[Activity] Reproduce only the lines of the material below that start at the line containing "Senses Boutique Hotel & Luxury Suites" and stop at the line containing "Подвесной светильник Maytoni". Keep both end lines.

[The data]
--------------------
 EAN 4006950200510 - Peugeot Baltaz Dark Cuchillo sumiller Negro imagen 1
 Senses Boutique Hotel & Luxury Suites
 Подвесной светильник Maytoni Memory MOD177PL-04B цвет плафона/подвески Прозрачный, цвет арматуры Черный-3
--------------------
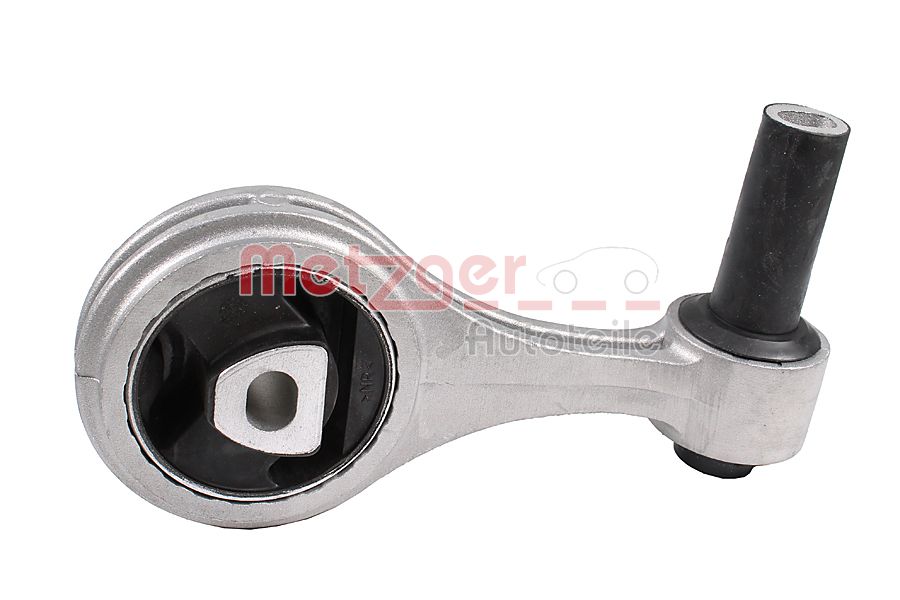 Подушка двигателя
--------------------
[Solution to this exercise]
 Senses Boutique Hotel & Luxury Suites
 Подвесной светильник Maytoni Memory MOD177PL-04B цвет плафона/подвески Прозрачный, цвет арматуры Черный-3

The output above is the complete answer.